BEGIN THE RECORDS
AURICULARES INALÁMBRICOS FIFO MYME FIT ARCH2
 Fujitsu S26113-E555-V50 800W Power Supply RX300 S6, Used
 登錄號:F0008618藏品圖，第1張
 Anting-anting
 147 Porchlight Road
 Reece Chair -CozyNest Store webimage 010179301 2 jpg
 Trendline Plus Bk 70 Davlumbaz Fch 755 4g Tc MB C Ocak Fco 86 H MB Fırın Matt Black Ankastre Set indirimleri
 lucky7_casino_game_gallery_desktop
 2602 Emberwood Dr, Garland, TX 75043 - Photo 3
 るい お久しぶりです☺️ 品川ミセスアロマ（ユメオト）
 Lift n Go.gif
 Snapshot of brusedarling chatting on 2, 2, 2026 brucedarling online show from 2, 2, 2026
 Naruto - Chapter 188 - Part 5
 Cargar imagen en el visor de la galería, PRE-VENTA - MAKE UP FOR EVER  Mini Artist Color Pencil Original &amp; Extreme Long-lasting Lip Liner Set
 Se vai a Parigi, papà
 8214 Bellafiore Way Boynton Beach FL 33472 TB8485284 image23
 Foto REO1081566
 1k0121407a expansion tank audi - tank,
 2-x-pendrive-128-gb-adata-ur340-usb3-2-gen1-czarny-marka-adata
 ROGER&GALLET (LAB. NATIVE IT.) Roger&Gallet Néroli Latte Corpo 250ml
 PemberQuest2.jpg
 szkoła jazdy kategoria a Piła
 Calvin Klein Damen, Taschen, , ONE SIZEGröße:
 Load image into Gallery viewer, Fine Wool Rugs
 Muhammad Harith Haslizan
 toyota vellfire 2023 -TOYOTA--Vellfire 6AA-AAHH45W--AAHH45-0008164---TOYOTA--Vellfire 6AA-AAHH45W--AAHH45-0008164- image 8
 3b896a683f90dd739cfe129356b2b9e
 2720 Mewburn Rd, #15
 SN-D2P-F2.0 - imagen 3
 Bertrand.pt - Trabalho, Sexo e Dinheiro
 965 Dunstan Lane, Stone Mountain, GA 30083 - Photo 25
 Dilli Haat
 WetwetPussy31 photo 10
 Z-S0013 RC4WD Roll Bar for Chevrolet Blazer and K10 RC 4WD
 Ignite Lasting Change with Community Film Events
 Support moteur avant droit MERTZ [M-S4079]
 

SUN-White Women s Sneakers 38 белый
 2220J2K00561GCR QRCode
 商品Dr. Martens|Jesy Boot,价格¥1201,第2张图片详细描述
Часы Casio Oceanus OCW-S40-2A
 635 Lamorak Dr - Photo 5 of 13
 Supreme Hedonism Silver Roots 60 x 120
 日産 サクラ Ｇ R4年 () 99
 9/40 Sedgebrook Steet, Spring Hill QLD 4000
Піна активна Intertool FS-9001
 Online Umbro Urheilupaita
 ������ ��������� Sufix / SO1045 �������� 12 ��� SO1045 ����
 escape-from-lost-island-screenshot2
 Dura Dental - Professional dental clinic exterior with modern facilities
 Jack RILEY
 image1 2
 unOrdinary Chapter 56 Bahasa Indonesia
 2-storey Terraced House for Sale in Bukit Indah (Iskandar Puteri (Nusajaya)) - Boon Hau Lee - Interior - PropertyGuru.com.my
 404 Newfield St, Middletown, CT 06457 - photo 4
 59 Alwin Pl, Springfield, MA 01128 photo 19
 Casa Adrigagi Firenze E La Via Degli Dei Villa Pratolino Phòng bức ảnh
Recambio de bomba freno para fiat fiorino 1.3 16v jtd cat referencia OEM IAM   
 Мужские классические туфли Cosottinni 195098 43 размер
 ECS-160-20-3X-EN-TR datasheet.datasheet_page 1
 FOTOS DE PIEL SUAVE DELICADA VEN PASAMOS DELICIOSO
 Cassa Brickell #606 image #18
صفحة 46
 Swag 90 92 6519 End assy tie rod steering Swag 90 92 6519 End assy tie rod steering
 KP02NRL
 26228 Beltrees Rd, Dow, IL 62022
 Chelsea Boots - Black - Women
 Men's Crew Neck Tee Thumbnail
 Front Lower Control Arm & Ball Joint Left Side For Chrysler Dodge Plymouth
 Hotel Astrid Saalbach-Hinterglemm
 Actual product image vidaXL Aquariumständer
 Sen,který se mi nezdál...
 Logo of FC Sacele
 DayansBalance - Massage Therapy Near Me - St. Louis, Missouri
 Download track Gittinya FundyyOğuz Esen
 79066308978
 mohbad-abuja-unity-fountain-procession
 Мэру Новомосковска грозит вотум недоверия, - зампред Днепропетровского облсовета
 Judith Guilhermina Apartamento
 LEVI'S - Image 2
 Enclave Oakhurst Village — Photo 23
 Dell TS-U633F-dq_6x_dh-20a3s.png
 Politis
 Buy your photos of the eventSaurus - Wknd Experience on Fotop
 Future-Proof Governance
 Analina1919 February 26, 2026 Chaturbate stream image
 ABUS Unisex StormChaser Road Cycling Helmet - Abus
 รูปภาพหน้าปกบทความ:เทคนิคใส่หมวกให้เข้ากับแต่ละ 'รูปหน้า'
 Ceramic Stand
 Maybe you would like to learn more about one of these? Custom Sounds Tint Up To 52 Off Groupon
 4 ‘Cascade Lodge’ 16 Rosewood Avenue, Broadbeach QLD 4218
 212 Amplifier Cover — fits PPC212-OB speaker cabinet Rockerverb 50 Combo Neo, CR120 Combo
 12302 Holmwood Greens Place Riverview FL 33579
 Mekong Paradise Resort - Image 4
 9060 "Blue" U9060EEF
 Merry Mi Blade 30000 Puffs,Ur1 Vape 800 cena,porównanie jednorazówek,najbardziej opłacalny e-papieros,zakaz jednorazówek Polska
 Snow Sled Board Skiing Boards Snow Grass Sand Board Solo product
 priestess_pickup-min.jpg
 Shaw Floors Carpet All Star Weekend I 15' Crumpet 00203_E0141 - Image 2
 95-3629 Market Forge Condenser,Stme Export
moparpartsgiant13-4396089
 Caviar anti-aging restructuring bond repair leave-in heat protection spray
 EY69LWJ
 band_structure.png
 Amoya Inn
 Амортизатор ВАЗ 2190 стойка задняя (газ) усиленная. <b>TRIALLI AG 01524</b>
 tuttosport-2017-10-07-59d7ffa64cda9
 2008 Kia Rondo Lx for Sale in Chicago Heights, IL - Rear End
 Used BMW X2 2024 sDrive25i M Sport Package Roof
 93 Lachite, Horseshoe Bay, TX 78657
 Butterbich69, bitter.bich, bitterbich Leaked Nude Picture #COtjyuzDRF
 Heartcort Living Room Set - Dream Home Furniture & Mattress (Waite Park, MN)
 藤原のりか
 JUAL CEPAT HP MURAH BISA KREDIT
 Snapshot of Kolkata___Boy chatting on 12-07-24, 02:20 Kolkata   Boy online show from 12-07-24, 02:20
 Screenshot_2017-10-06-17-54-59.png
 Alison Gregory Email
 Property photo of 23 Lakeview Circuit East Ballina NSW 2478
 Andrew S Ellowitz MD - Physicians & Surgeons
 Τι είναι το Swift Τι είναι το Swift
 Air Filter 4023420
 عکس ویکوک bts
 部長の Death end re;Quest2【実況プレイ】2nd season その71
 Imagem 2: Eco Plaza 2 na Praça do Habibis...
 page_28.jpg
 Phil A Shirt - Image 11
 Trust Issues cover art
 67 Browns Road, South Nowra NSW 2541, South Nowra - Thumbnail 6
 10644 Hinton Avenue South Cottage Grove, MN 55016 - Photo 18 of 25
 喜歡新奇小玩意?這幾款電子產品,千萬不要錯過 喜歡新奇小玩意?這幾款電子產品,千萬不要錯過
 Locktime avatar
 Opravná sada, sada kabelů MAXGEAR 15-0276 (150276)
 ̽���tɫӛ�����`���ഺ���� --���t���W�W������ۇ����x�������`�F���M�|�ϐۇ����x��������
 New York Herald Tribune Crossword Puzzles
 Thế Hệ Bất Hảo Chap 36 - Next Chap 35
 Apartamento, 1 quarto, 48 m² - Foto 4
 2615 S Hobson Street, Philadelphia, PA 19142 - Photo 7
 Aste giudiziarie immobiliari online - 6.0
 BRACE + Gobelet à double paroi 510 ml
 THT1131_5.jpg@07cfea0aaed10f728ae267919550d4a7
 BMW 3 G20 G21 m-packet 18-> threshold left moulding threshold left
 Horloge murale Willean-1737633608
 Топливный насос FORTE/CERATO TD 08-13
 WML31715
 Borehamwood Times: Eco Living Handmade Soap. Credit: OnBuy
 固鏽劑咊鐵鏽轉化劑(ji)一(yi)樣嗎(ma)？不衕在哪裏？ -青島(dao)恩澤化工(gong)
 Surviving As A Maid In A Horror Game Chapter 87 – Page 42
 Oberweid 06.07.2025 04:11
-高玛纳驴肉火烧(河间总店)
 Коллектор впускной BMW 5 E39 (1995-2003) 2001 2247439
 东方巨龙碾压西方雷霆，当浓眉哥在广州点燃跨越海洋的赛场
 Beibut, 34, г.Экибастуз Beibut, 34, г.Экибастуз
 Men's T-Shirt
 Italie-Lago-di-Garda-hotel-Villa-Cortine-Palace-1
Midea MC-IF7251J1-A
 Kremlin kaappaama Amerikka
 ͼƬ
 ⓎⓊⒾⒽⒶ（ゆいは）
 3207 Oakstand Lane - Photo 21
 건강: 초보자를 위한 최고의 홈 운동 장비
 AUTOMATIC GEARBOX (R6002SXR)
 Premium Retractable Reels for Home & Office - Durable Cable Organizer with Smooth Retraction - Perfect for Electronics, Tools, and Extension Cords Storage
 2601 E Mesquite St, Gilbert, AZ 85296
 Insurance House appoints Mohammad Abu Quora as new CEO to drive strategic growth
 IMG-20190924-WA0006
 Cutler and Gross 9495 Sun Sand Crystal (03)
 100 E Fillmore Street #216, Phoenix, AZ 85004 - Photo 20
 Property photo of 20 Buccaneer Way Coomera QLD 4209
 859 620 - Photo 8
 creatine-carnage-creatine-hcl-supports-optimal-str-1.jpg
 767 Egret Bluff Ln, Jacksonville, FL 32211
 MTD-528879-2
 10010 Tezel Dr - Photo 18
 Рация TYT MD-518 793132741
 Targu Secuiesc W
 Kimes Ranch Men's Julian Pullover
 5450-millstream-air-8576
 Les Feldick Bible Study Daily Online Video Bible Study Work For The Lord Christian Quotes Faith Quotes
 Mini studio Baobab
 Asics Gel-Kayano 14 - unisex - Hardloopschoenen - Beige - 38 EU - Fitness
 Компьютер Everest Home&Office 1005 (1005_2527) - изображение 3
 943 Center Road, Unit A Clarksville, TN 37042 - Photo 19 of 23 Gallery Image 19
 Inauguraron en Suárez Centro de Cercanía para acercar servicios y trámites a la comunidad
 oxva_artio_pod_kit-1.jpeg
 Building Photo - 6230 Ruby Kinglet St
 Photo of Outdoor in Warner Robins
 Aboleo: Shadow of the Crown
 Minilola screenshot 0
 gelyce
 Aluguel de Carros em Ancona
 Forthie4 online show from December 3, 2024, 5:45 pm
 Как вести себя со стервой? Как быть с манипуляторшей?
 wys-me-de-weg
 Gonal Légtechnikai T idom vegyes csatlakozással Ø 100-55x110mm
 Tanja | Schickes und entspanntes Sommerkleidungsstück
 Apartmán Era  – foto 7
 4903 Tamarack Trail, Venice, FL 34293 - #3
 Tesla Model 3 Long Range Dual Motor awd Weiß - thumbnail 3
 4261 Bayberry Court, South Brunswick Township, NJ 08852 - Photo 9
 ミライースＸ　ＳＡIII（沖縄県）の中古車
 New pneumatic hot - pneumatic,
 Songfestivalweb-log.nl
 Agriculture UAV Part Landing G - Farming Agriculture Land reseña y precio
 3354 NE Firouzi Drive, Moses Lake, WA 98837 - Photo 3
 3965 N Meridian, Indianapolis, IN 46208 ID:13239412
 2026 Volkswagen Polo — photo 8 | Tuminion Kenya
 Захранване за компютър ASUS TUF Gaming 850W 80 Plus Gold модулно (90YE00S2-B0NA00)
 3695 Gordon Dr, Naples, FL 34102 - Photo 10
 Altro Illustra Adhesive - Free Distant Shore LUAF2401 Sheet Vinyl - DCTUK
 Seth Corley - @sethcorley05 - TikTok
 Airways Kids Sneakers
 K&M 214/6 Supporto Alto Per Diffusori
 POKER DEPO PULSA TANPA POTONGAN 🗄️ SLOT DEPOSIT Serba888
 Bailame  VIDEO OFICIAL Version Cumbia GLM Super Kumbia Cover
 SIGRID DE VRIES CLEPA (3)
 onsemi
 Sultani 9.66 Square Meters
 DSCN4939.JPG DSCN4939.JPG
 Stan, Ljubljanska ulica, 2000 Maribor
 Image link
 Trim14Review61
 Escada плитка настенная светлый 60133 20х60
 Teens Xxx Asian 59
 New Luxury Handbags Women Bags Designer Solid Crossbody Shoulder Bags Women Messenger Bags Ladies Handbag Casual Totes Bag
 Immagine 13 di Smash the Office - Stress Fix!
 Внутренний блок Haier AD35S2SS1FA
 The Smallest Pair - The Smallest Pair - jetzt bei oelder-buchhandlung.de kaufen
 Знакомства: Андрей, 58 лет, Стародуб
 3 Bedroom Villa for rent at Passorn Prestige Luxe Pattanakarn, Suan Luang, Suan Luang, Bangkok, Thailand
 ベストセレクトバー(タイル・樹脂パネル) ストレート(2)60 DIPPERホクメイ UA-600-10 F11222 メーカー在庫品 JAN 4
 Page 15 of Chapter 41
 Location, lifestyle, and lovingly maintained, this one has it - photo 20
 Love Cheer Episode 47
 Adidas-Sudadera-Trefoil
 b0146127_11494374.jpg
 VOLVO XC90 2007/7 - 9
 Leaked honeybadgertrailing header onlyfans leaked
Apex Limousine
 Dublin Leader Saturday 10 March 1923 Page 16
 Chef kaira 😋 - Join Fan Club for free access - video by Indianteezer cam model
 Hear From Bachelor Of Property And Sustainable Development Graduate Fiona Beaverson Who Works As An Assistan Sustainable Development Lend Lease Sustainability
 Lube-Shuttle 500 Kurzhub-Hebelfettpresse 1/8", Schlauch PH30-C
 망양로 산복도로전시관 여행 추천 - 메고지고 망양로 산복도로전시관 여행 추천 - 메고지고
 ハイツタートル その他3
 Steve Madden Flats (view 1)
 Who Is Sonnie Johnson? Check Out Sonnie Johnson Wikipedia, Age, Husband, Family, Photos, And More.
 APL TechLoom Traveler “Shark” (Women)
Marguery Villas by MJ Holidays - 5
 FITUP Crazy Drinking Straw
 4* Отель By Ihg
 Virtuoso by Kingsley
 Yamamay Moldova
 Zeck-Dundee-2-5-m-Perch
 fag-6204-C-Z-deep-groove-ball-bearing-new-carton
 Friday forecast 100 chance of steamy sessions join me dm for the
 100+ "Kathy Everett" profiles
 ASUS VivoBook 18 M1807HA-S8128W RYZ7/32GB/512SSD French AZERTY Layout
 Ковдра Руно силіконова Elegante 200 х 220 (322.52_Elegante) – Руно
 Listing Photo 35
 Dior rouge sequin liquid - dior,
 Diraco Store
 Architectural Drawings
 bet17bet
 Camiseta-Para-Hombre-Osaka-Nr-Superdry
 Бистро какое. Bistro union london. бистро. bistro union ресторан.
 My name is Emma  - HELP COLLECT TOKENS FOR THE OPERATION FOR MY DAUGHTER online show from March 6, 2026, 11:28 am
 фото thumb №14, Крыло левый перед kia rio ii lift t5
END THE RECORDS
WORK ITEM -
Please report every line of the records above that contains the word "Snapshot".

ANSWER BOX -
 Snapshot of brusedarling chatting on 2, 2, 2026 brucedarling online show from 2, 2, 2026
 Snapshot of Kolkata___Boy chatting on 12-07-24, 02:20 Kolkata   Boy online show from 12-07-24, 02:20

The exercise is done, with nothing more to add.